A new study using bacteria from wastewater treatment plants has changed our assumption that the exchange of genes between bacteria only occurs across closely related bacterial strains.
The new findings constitute an important step towards better options for reducing the spread of antibiotic resistance in the future.
“We can demonstrate in the laboratory that bacteria—much more than previously assumed—are capable of exchanging genetic material and thus also their resistance to antimicrobial agents. Where we previously believed that the spread was mainly between closely related species, our studies now show considerable exchange between not so closely related species. The bacteria have a unique ability to cross species barriers—an ability not seen in other organisms. This would be like a rabbit growing wings over just a couple of generations in order to better escape the fox,” explains Professor Søren Sørensen of the Department of Biology, University of Copenhagen, whose research group together with Professor Barth Smets’ research group at DTU Environment is behind the new findings.
“Understanding these unique characteristics of the bacterial communities enables us to better understand antibiotic resistance and thereby also how we can stop the current increase in the spread of multi-resistant bacteria like MRSA, among others”, says Søren Sørensen.
The researchers are, for the first time, following the wastewater on its way from discharge into the sewer until it ends up on the other side of the wastewater treatment plant.
By analysing samples taken from different locations in the wastewater flow from hospital to discharge into water areas, the researchers have been able to identify where and to what extent the bacteria exchange genetic material.

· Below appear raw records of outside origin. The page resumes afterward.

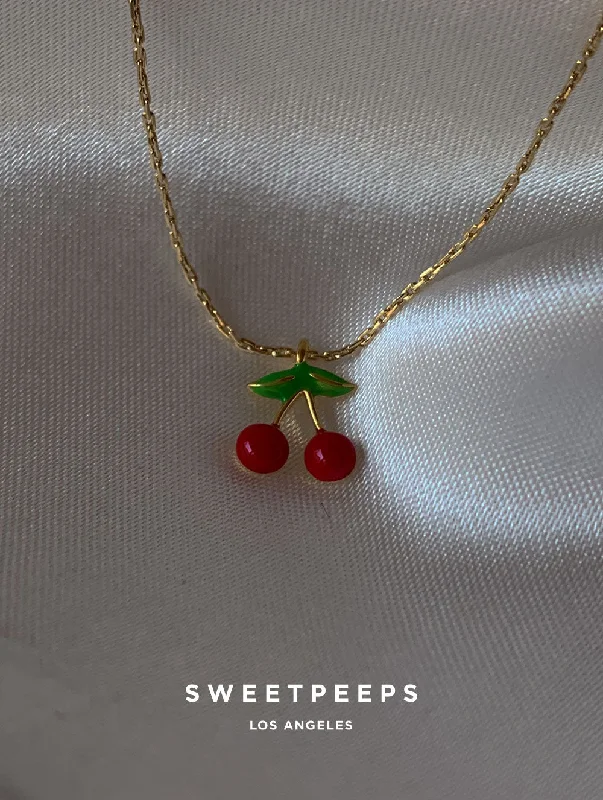 classic gold cuff bracelet Brandi Sweet Cherry Necklace
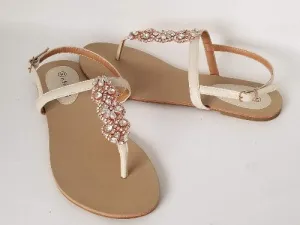 Bridal Sandals with Rose Gold Applique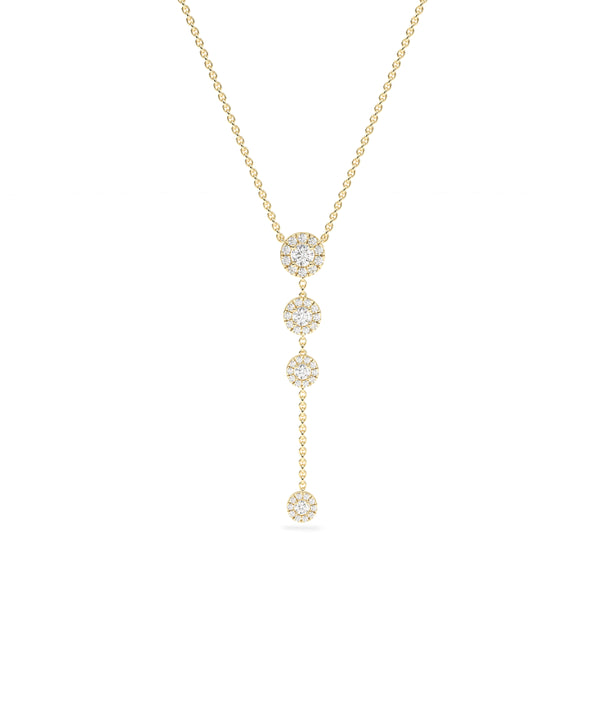 Diamond dangle necklace in 14K solid yellow gold
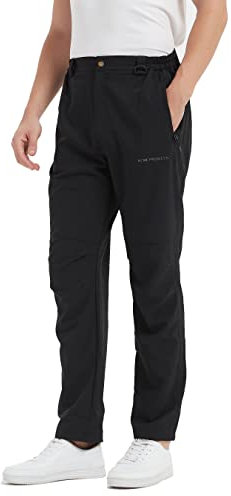 Acme Projects Herren Leichte Wasserabweisende Wanderhose, Schwarz, Mittel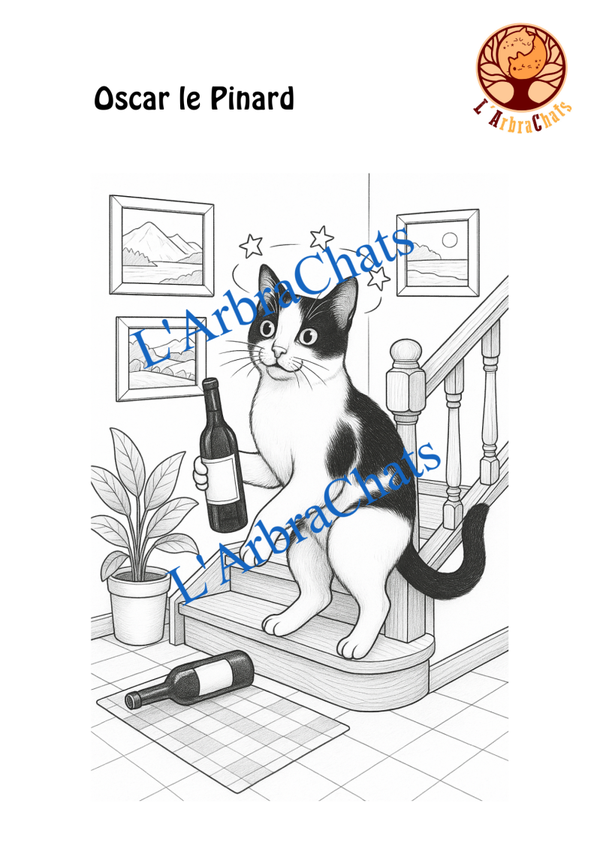 Dessin N°03 Oscar dans l'escalier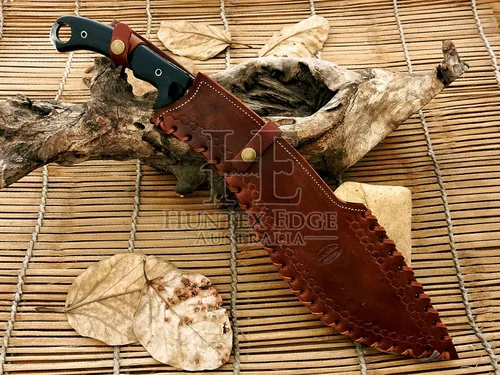 Vista 8 de HUNTEX - Cuchillo Kukri táctico zombi exclusivo de Damasco legendario Cuchillo Kukri táctico zombi de alta calidad 20 pulgadas de largo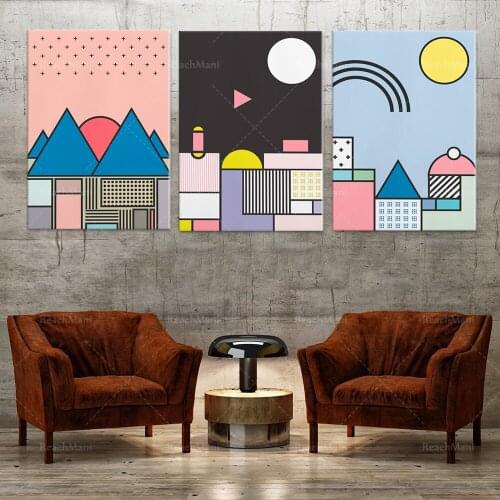 Ensemble 3 affiches, 3 imprimés géométriques, illustrations, décoration murale, gravures de pépinière, décoration de chambre pou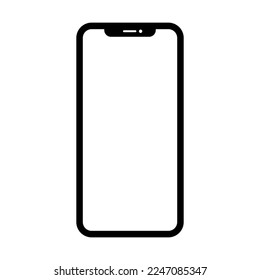 Smartphone, teléfono móvil, ilustración de icono vectorial de teléfono de mano en fondo blanco.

The results underline the importance of future wastewater treatment systems in reducing the spread of antimicrobial resistance. The analyses showed that the ability of the bacteria to transfer genetic material is not weakened on their way from the sewer until they are discharged from the treatment plant, just as it became clear that the bacteria—to a much higher degree than previously believed—are able to transfer genes to bacteria from species other than their closest relatives.
“By marking the genetic elements coding for antimicrobial resistance with a green flourescence marker, we were able to follow them through the wastewater system, and using advanced technology we could simply count how and to what extent the transfers take place. Our findings open up several doors to our understanding of the increased resistance we are currently seeing worldwide, and we can now start to identify how to prevent e.g. wastewater treatment plants from becoming hot spots for the transfer of resistance. With these results, we can demonstrate that antimicrobial resistance genes are incredible survivors, even in environments and under conditions we did not believe possible before. This knowledge is absolutely crucial if we are to reverse the current global ries of antimicrobial resistance,” says Liguan Li of DTU’s research group, who is the main author of the publication describing the new study and its findings.

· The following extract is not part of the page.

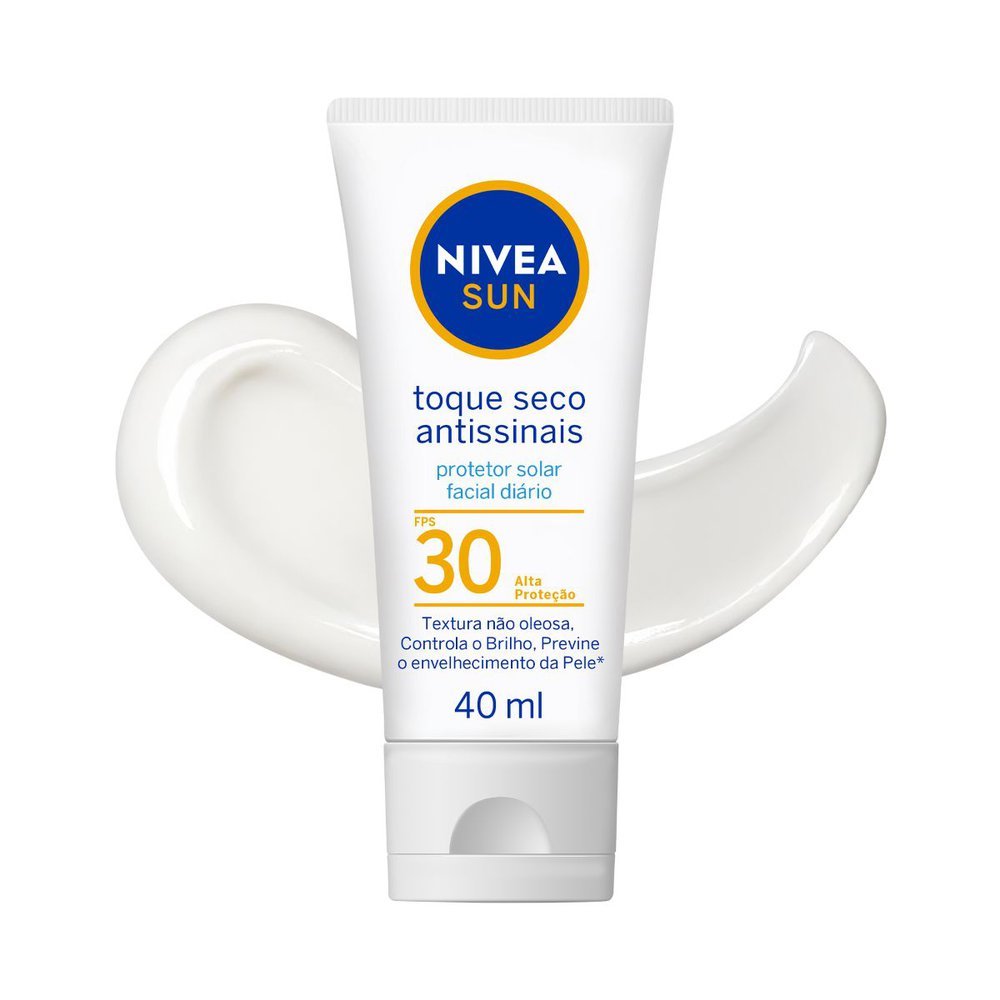 Protetor Solar Facial Nivea Sun Toque Seco Antissinais FPS 30 40ml em Oferta na Shopee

Future studies to develop guidelines for wastewater treatment
There is still some way to go before the new knowledge can be used to limit the transfer of antibiotic-resistance genes. The next step for the researchers will therefore be to compare the microbial communities from different wastewater treatment types on a larger scale.
“We will now examine different wastewater treatment plant designs to see if differences in their microbial Communities affect the degree of transfer of genes. The study will cover treatment plants in Denmark, Sweden, England, and Spain and in all countries we will follow the bacteria as they occur, that is from being flushed out the toilet until leaving the water treatment plant and re-entering the circuit. Against this background, hopefully we will be able to formulate recommendations for the best possible wastewater handling with a view to limiting the spread of antimicrobial resistance,” says Professor Barth Smets.

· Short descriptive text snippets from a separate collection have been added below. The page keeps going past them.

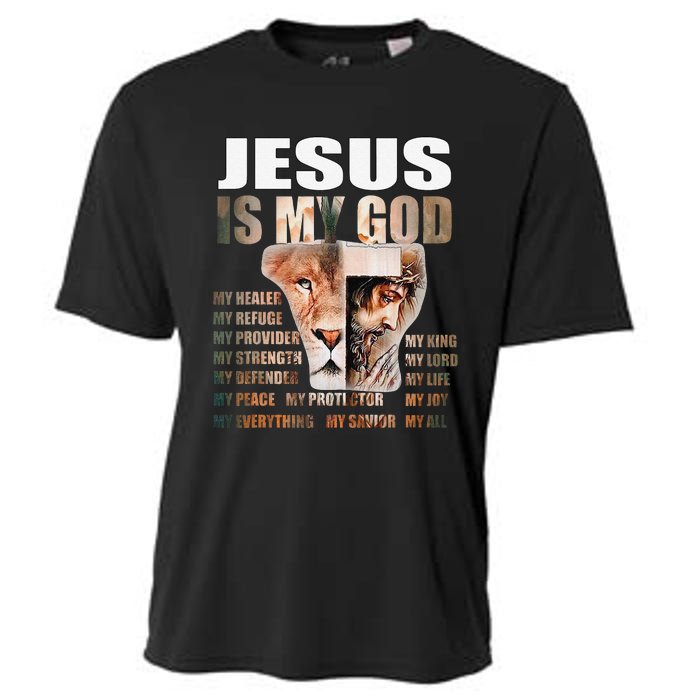 Lion Christian Jesus Is My God Lord King Savior Good Friday Cooling Performance Crew T-Shirt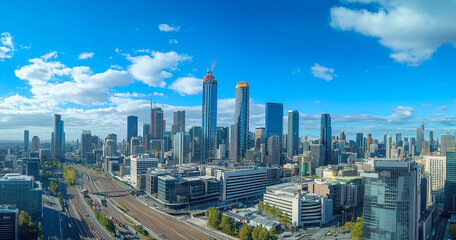 Fototapeta premium Modern Skyline with High-Rise Office Buildings under Blue Sky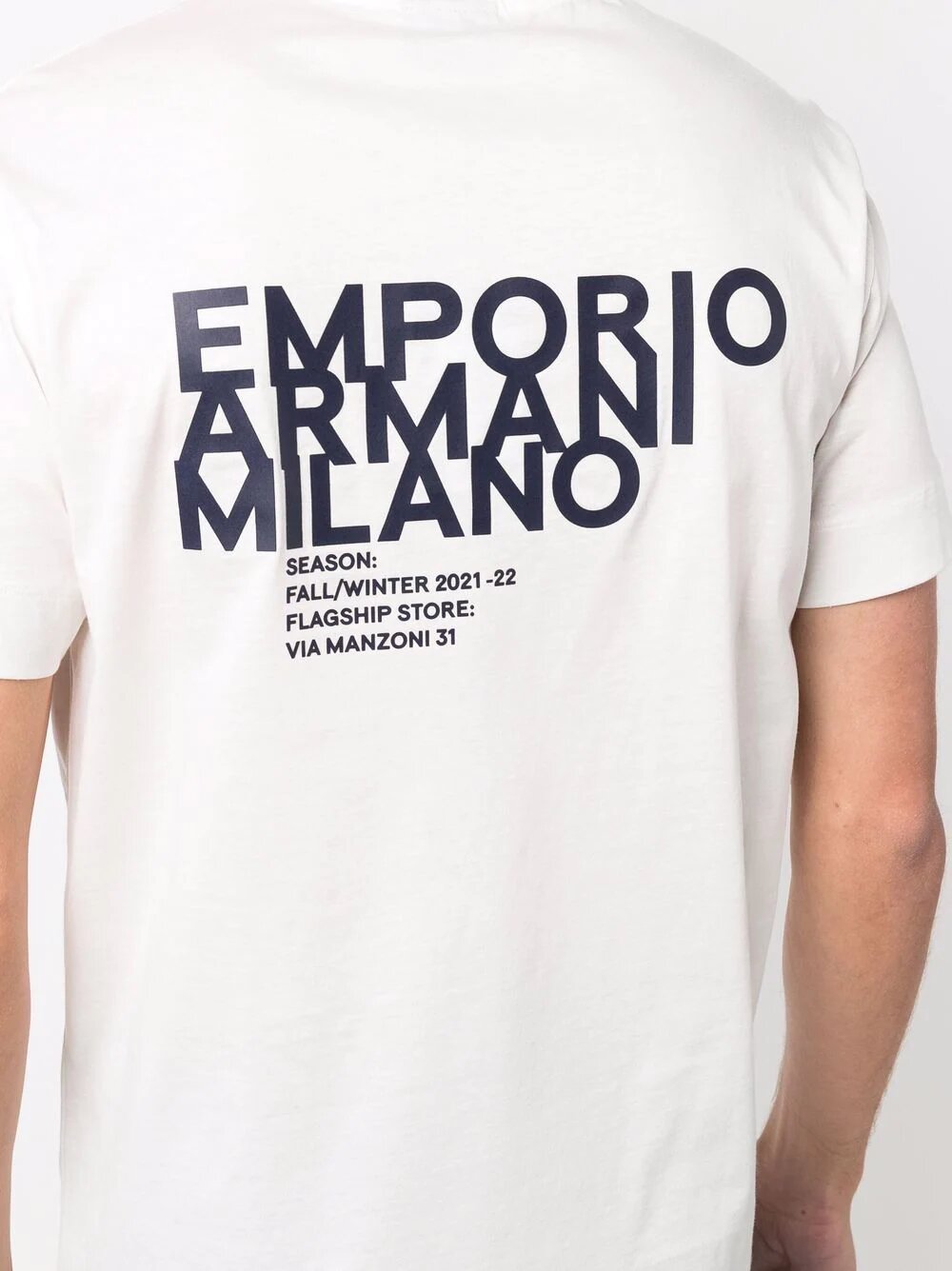 EMPORIO ARMANI MILANO LOGO PRINT WHITE T-SHIRT – e-Outlet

The current results give cause for optimism among the researchers, as the new knowledge about the ability of bacteria to transfer resistance enables more targeted approaches to combat the growing spread of antimicrobial resistance, which is a world-wide problem.
“This is not only an important result for us as researchers, but also for the war declared against multi-resistant bacteria.” says Barth Smets.
Søren Sørensen adds:
“Our increased understanding of how bacteria adapt to each other and the environment they live in can help us exploit the many beneficial qualities we also find in bacteria to support the next-generation biotechnologies.”